Um dos funcionários do local é Marcelo Vasconcelos, de 38 anos. Ele é técnico em enfermagem e está há um ano no lar. Chegou como estagiário, mas gostou da experiência e, após desempenhar bem suas funções, foi contratado. 

Marcelo diz que chegou ao lugar depois de passar por um período difícil com sua mãe, que tem 89 anos e é hipertensa. "Vi que precisava cuidar das pessoas e encontrei aqui o lugar ideal para isso. É uma correria sempre, afinal são muitas pessoas pra atender, mas eles são muito carentes e poder contribuir para o bem-estar delas é muito gratificante. O mais difícil mesmo é quando a gente se apega e depois alguém morre ou é encontrado por alguém da família", contou.

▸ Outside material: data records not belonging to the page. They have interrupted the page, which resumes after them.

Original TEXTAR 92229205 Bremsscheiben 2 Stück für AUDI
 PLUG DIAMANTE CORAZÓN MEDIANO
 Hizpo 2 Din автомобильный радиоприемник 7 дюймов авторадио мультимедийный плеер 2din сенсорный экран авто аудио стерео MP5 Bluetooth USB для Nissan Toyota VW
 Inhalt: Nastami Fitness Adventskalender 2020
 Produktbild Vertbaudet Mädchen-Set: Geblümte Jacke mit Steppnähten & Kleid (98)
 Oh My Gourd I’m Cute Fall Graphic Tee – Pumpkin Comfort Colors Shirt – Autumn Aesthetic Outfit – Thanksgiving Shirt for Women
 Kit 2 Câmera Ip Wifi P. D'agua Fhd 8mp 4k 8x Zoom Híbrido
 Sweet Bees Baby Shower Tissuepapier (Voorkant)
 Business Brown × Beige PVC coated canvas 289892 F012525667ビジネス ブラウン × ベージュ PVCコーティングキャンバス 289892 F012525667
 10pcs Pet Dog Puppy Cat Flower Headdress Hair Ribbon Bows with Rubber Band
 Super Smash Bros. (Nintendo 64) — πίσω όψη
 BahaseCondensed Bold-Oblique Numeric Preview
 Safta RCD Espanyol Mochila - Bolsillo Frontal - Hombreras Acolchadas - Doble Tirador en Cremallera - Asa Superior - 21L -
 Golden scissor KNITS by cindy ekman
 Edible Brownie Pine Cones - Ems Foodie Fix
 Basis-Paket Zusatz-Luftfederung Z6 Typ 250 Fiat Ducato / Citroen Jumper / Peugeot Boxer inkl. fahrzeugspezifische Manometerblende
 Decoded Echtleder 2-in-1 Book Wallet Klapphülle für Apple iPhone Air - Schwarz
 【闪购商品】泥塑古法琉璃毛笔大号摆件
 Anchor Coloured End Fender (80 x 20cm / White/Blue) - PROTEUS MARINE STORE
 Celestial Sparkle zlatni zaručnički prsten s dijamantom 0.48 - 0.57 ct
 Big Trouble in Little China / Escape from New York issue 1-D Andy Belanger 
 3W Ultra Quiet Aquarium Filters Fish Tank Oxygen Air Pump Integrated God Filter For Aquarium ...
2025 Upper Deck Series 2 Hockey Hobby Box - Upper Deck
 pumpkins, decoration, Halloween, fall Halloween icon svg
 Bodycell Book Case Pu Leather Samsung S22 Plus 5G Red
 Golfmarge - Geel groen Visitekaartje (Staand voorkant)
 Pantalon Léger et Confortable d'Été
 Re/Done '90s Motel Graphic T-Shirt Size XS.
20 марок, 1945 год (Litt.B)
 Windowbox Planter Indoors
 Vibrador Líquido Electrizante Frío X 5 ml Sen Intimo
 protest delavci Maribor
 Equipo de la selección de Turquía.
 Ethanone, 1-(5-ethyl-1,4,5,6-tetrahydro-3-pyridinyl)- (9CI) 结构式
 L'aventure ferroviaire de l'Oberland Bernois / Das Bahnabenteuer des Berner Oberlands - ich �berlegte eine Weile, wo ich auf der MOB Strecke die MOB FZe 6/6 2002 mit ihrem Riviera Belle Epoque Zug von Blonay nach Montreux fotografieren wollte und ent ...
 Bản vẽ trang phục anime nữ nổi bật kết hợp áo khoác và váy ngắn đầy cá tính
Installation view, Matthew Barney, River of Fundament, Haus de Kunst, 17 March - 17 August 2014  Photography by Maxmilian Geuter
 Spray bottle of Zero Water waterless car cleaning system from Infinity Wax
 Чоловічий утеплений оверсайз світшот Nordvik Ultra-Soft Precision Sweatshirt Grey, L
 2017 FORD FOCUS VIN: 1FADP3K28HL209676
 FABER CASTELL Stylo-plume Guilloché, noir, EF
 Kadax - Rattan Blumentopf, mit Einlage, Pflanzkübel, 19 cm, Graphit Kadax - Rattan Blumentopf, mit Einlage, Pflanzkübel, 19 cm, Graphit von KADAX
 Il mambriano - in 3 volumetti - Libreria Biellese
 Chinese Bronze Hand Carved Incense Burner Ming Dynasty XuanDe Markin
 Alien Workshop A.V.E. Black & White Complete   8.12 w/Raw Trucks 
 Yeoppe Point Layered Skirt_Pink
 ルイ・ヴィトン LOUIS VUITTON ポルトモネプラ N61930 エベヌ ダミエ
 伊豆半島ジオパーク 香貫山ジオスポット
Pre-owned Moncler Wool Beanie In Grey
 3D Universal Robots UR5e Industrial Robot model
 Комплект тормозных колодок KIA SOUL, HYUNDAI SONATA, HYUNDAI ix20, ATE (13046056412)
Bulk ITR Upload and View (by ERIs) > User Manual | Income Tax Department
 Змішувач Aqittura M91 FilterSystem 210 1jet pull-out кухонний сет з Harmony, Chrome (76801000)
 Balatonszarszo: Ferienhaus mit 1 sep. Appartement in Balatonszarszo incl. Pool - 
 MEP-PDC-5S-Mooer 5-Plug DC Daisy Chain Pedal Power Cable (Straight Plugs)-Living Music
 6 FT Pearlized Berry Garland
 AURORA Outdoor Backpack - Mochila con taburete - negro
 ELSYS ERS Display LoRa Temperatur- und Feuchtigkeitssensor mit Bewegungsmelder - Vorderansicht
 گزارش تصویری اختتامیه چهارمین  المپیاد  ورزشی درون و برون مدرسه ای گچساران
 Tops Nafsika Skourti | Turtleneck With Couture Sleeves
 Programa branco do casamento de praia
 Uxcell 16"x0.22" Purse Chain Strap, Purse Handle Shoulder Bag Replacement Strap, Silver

O amor demonstrado por Marcelo, aliás, é crucial para quem quer trabalhar no local. Frei José diz não admitir pessoas que materializam as suas funções. "O que conseguimos pagar é pouco para tudo que eles fazem aqui, por isso digo que eles recebem uma gratificação. Se não for por amor, não aguenta, por isso quando vejo que alguém perdeu a essência, já não trata mais as pessoas com o carinho que elas merecem, converso com a contadora e já aviso que não quero mais".

UNIDOS PELO AMOR

O Lar Santo Antônio de Pádua, apesar de ser administrado por católicos e também receber ajuda destes, conta, em sua trajetória, com a influência direta de pessoas de diversas religiões. Desde os primeiros passos dados rumo à aquisição do prédio onde os assistidos estão, bem como dos primeiros materiais, até hoje, Frei José recebeu e recebe a ajuda de pessoas de diversas correntes filosóficas e religiosas. 

Mesmo sendo adepto do tradicionalismo católico, ele diz não ver, entretanto, mal algum no ecumenismo, embora admita que recebe críticas de alguns companheiros de batina por causa de seu posicionamento. Para defender seu ponto de vista, Frei José lembra ainda o posicionamento do Papa Francisco, quando de sua posse no papado, ao afirmar que "quem é da Luz, não mostra religião, mostra o amor".

"Acredito que Deus é o pai de todos e cada um serve a Deus onde Ele quiser que sirva. Se me sinto bem servindo a Deus como católico, tenho que respeitar quem serve a Deus de outras maneiras. Não cabe a nós julgar, e o que deve nos definir como filhos de Deus e nos unir é justamente o amor", concluiu.